Inspiration
Early-stage investigations often involve fragmented information across scene notes, evidence logs, and witness statements. This is when important details can be missed or bias can be introduced. We built Anchor to provide a clear, neutral foundation—helping teams organize facts before drawing conclusions.
What it does
Anchor is an AI-powered investigation support tool designed to mirror how human investigation teams work—drawing on specialized analysis, aggregating information from multiple sources, identifying patterns, and learning from past investigative outcomes. It transforms unstructured inputs such as crime scene descriptions, evidence records, and witness testimonies into a structured starting report. Anchor highlights key facts, relationships, and gaps while preserving traceability to original sources, supporting investigators without replacing human judgment.
How we built it
Anchor uses a multi-agent architecture that mirrors real investigative teams. Text and image evidence—such as footprints, scene overviews, physical evidence descriptions, leads, and witness testimonies—are routed to specialized agents. A forensic RAG agent analyzes footprint images via similarity search to infer possible descriptors, a timeline agent reconstructs key events, a witness agent aggregates and analyzes testimonies, and a sketch agent generates suspect visuals from descriptions. All outputs are passed to a central detective agent that identifies patterns, compares findings against historical criminal data, and produces a structured, traceable investigative report.
Challenges we ran into
The main challenge was preventing over-interpretation. In investigative contexts, surfacing patterns without asserting conclusions is critical. Handling conflicting or ambiguous testimony while maintaining neutrality and traceability was also a key challenge.

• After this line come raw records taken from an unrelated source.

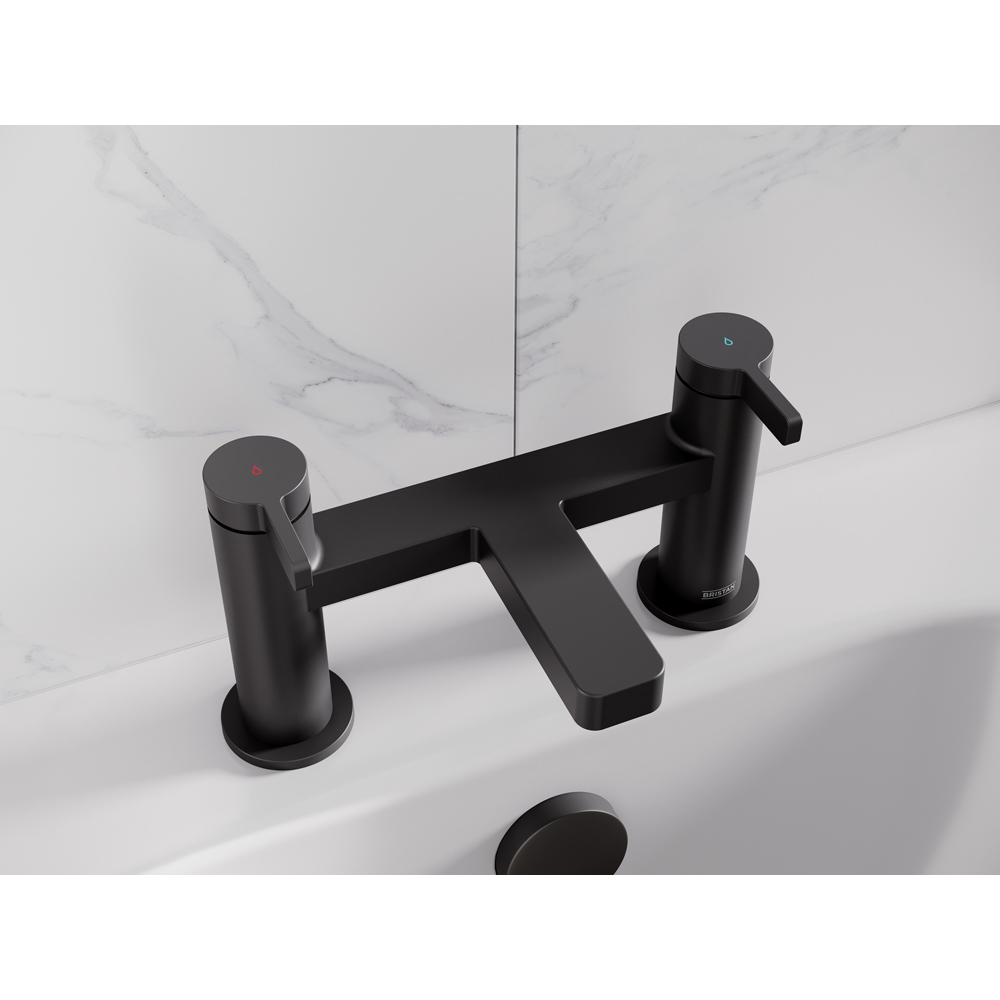 Bristan Elevar Matt Black Deck Mounted Bath Filler with Dual Lever Image 4
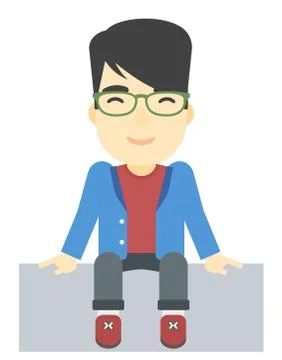Smiling man sitting Stock Illustration
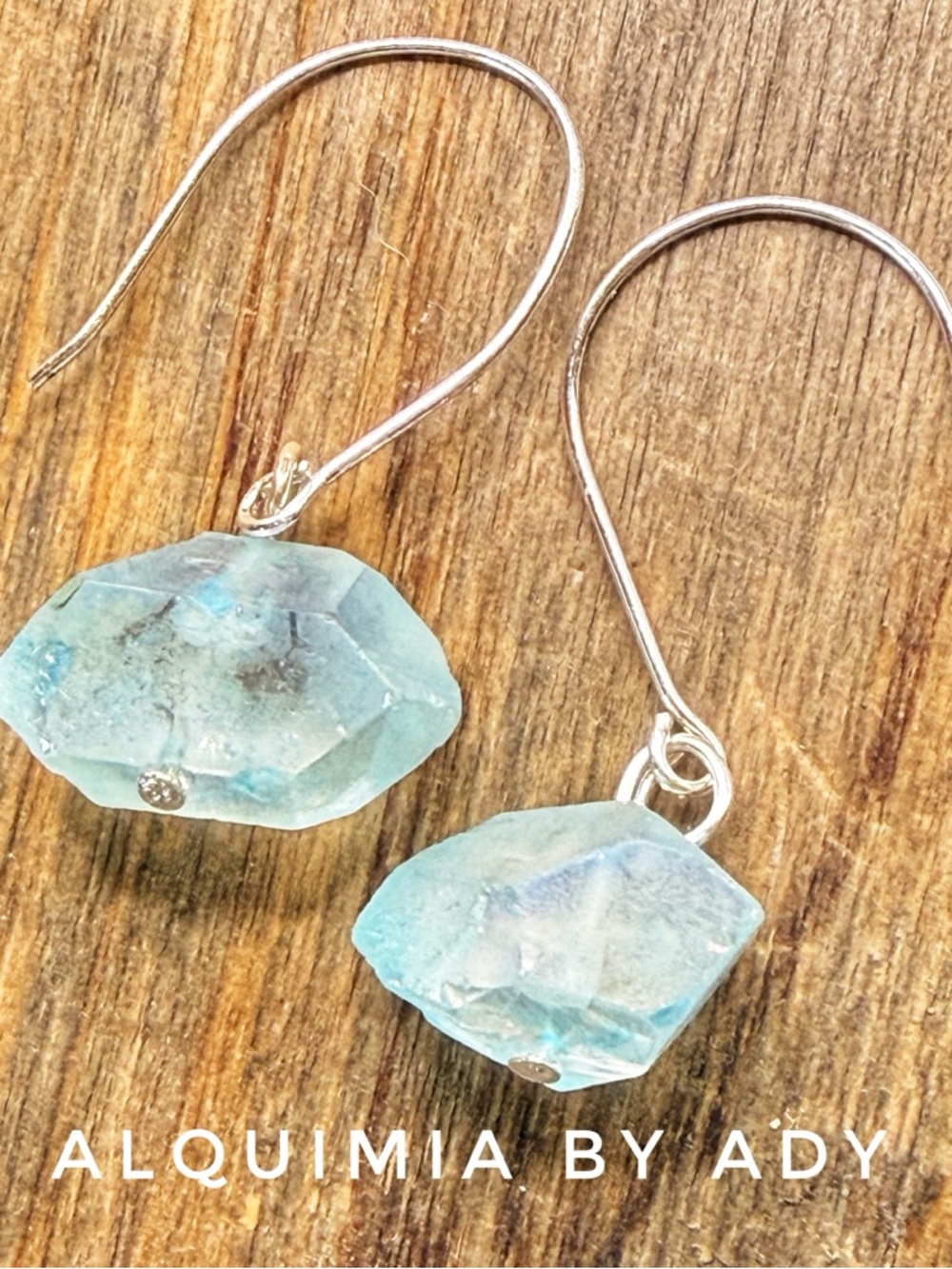 RAW BLUE QUARTZ + seafoam crystal drop earrings with silver hooks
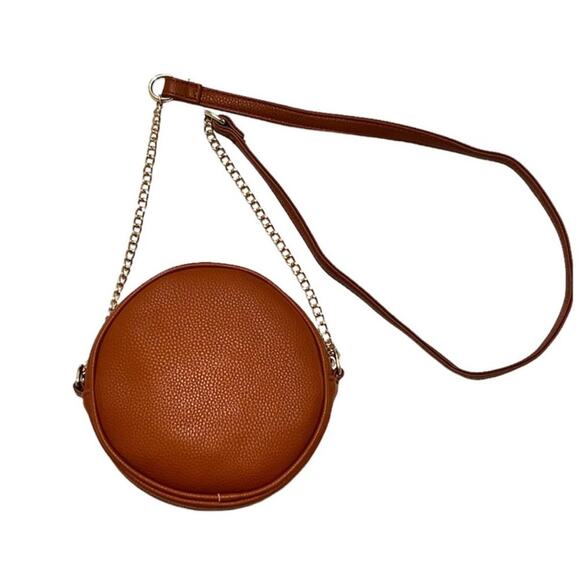 Olivia Miller Embroidered Patches Crossbody Bag Round Brown Floral Butterfly - Picture 5 of 12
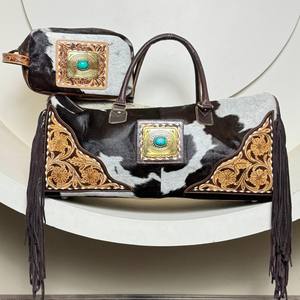 Ensemble de sacs de sport et de toilette personnalisés en cuir de vachette véritable usiné pour hommes et femmes, couleur turquoise, ensemble combiné de 2 pièces, sac tendance - Product Image 4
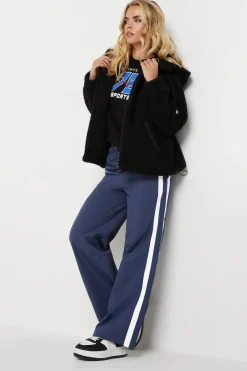 Trousers>PIXIEGIRL Petite Navy Blue Side Stripe Parachute Wide Leg Trousers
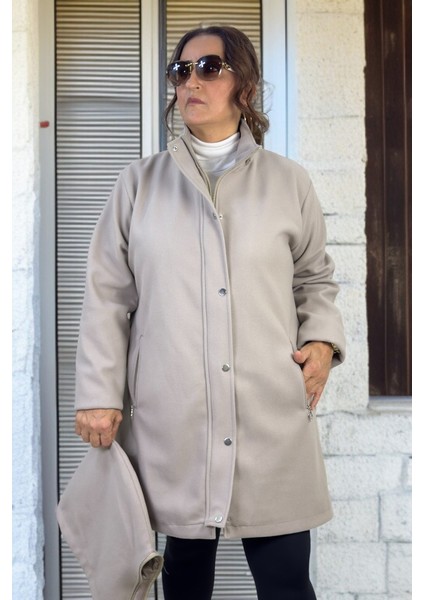 Çıt ve Fermuar Kapama Çıkartılabilir Kapüşon Astarlı Büyük Beden Kadın Kaban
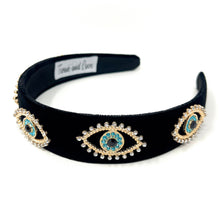 Load image into Gallery viewer, headbands for women, baroque headband, handmade headbands, evil eye headband, black headband, hair band for women, embellished headband, rhinestone headband, bejeweled headband, luxury headband, jeweled headband, black jeweled headband, bling headband, embellished knot headband, luxury knot headband, knot headband, rhinestone headband, evil eye hair accessories, Fall headbands, autumn headbands, custom headband, embellished headband, custom Autumn headbands, Turkish eye headband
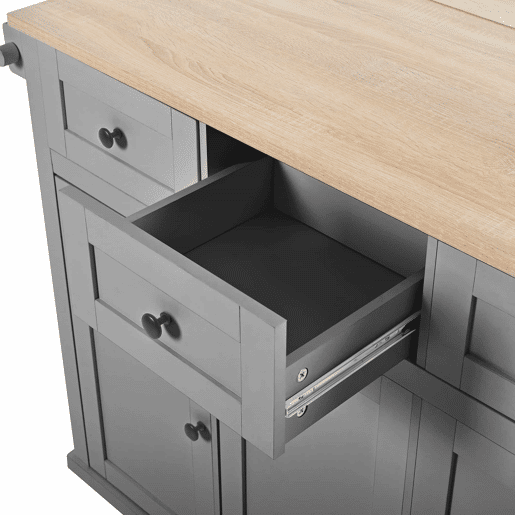 Ilha de cozinha 131x40 cm - com rodas, área de jantar extensível, gavetas e caixote do lixo - Preto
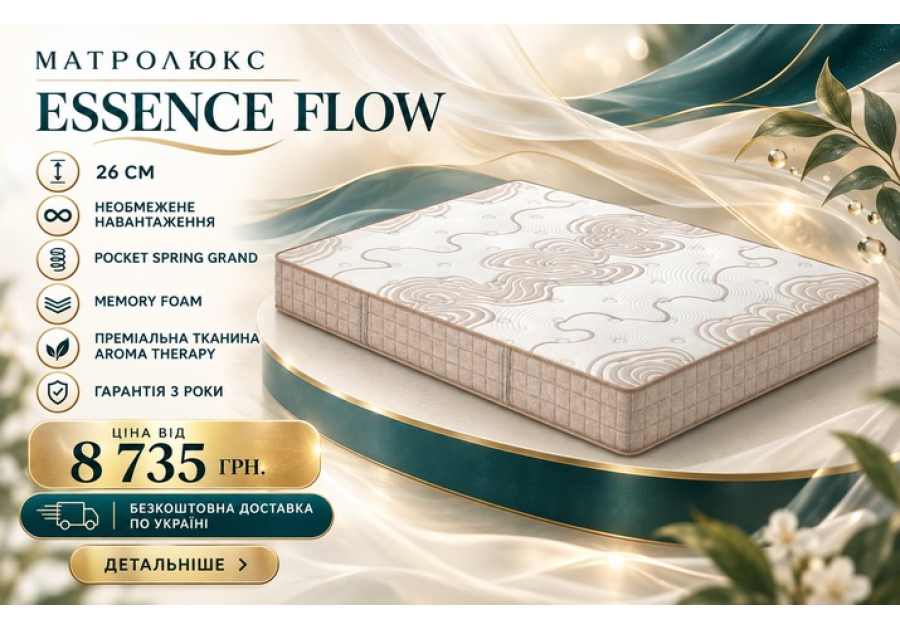 Матрас Flow Essence Матролюкс - пружинный односторонний, средней жесткости, высокий, 26 см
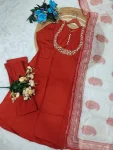 FANCY ROMAN SILK EMBROIDERY WORK TOP BOTTOM WITH DUPATTA FESTIVE WEAR WHOLESALE PRICE ETHNIC GARMENT (22)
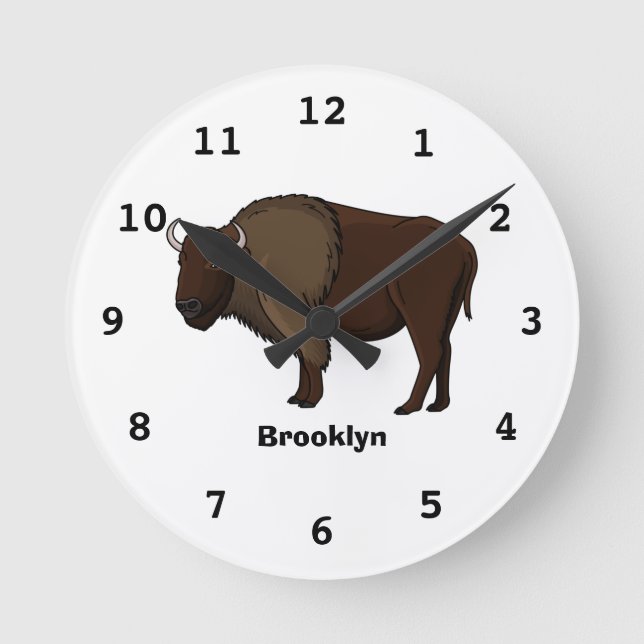 Happy American bison buffalo illustration Round Clock (Front)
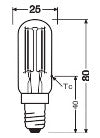 OSRAM LED-Röhrenlampe FM E14 4,9W 2700K LED Special T26 55 300° Fil 4.9W 82 ws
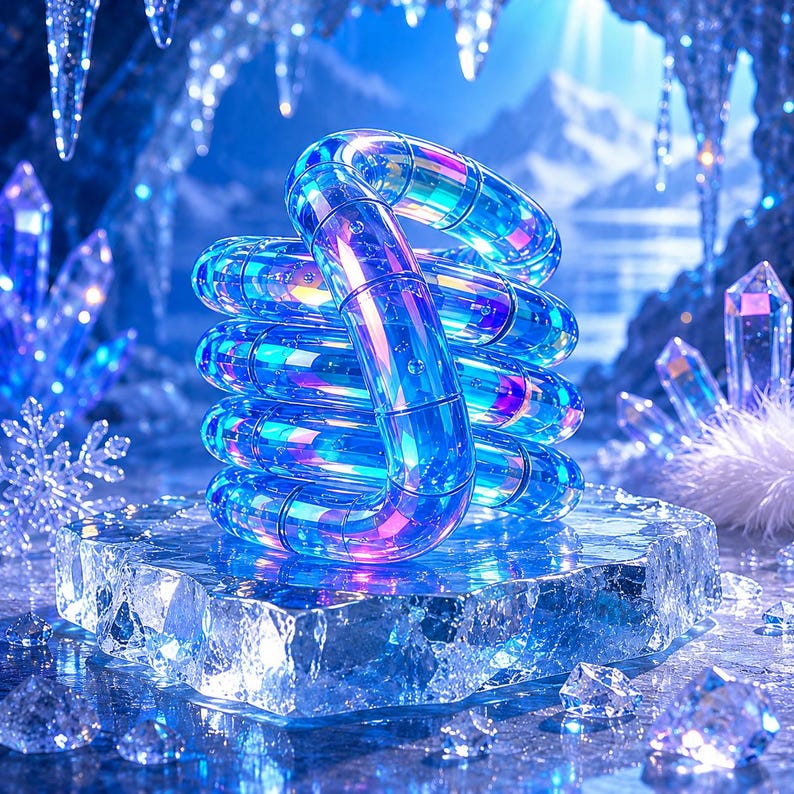 May include: A translucent, iridescent, segmented plastic tube toy coiled into a spiral shape. The toy features a glossy, multi-colored finish that shifts between shades of blue, purple, and pink, reflecting light across its curved, hollow surface.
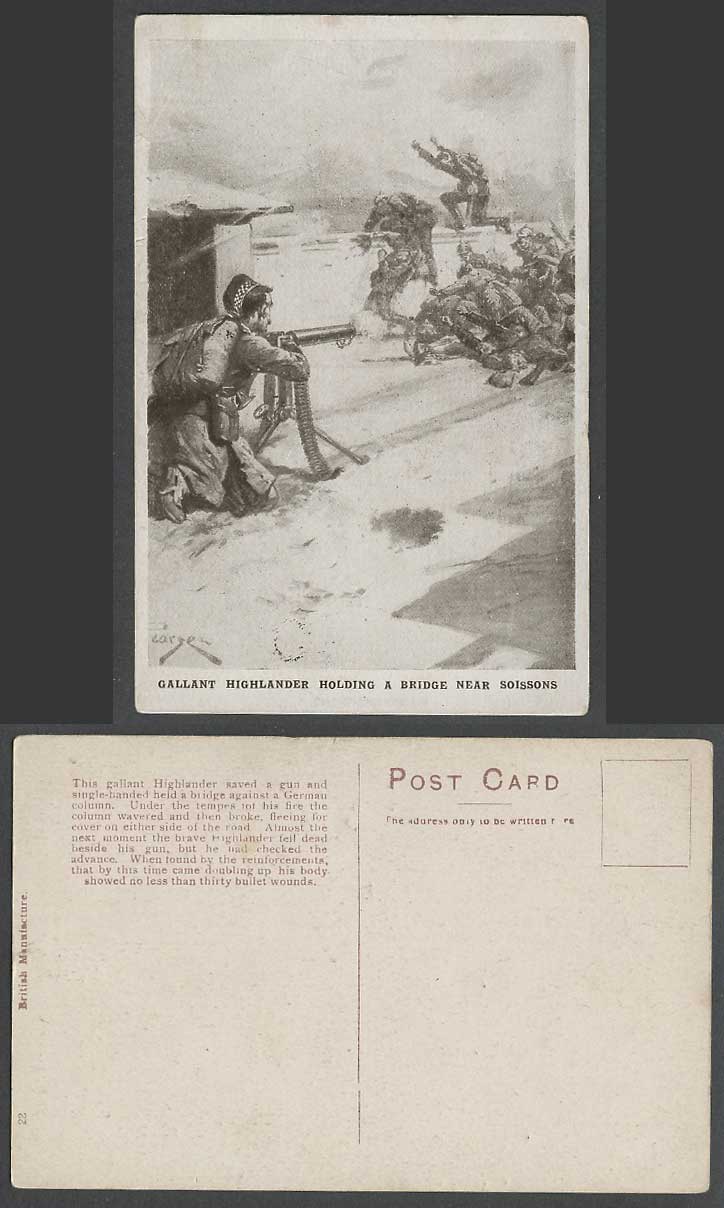 WW1 Gallant Highlander Holding a Bridge near Soissons, Soldier, Gun Old Postcard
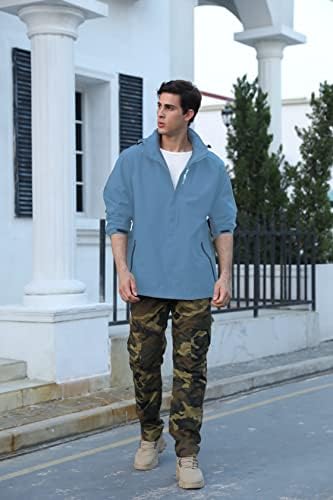 Men's Lightweight Waterproof Rain Jacket,Shell Hooded Outdoor Raincoat Hiking Windbreake jacket - Image 6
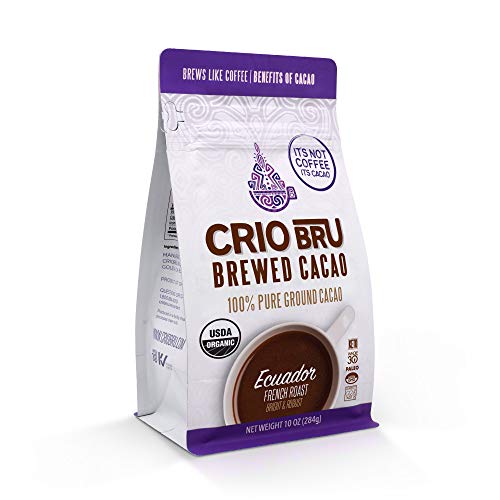 Crio Bru Ecuador French Roast 10oz Bag | Organic Healthy Brewed Cacao Drink | Great Substitute to Herbal Tea and Coffee | 99% Caffeine Free Gluten Free Whole-30 Low Calorie Honest Energy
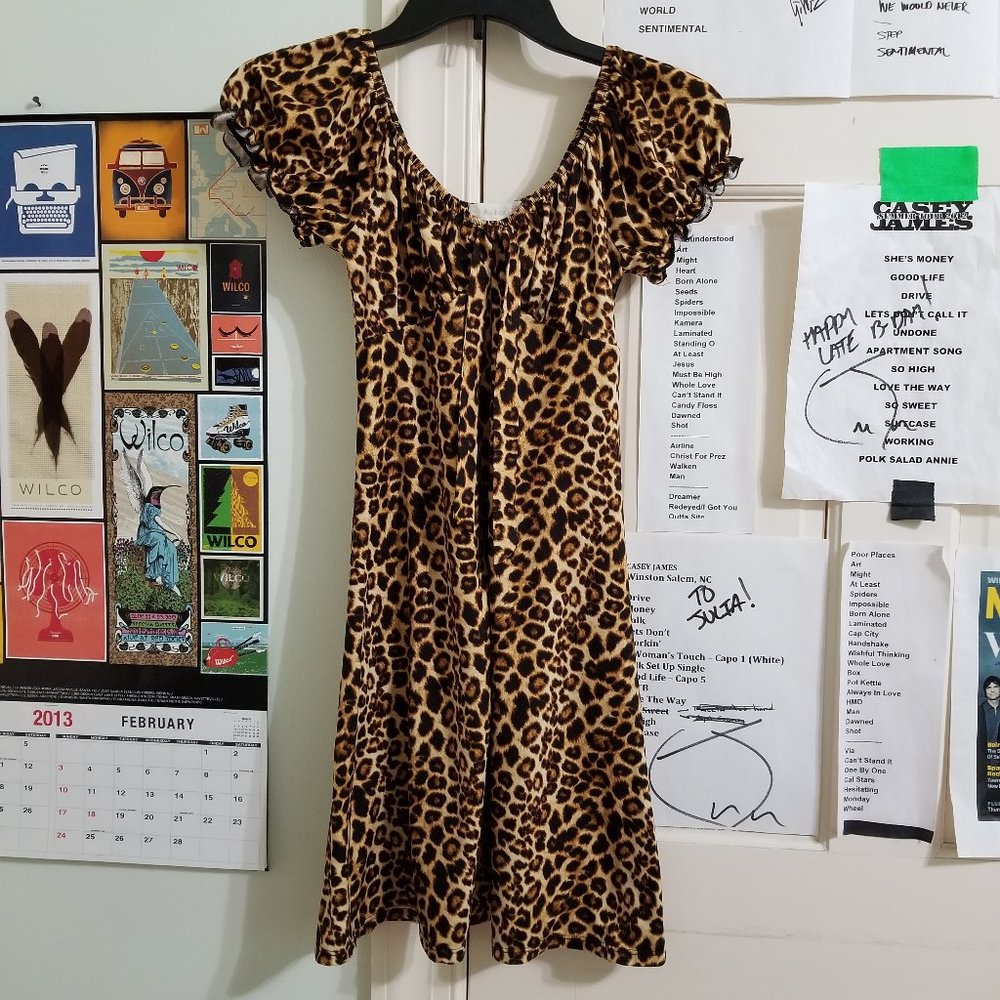 Altar'd State dress Small Nell leopard cheetah animal print puff sleeve mini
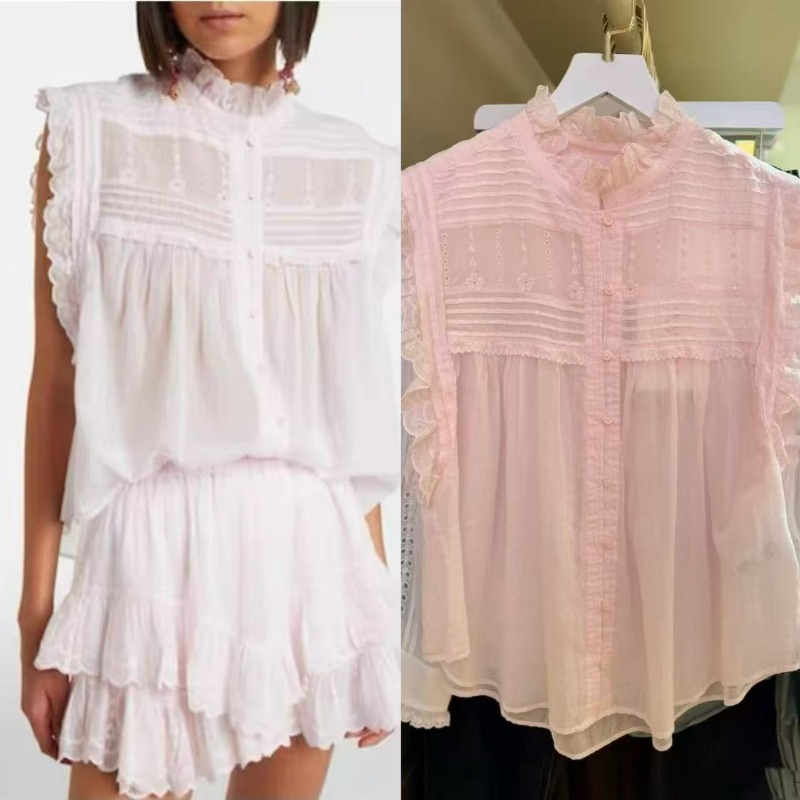 Women Ruffle Mock Neck Sleevel - Embroidery Eyelet 评论和价格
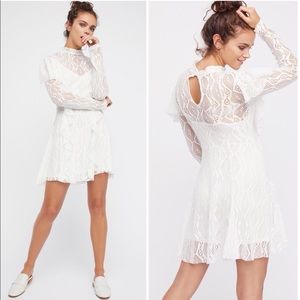 Free People Rock Candy Mock Neck Ivory Lace Dress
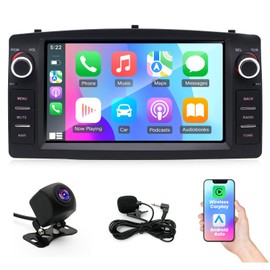 Car Stereo Radio for Toyota Corolla E120 2000-2006 4+64G 7" IPS Touch Screen Radio with Wireless Carplay/Android Auto/GPS Navigation/Wi-Fi/Bluetooth SWC/Mirror Link/Backup Camera/FM/Mic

Accomplishments that we're proud of
- Built a working prototype that meaningfully supports investigative workflows
- Designed outputs focused on clarity, neutrality, and trust
- Balanced technical capability with ethical responsibility
What we learned
We learned that AI is most effective in investigations when used as a structuring and support tool—not a decision-maker. Clear presentation and source transparency are essential for trust.
What's next for Anchor
Next steps include expanding Anchor with additional specialized forensic agents (e.g., bloodstain pattern analysis, cybercrime, ballistics), improving RAG-backed reference datasets for higher-quality evidence matching, and enhancing multimodal support. We also plan to add clearer timeline and entity visualizations, stronger auditability, and deeper integration with existing case management systems.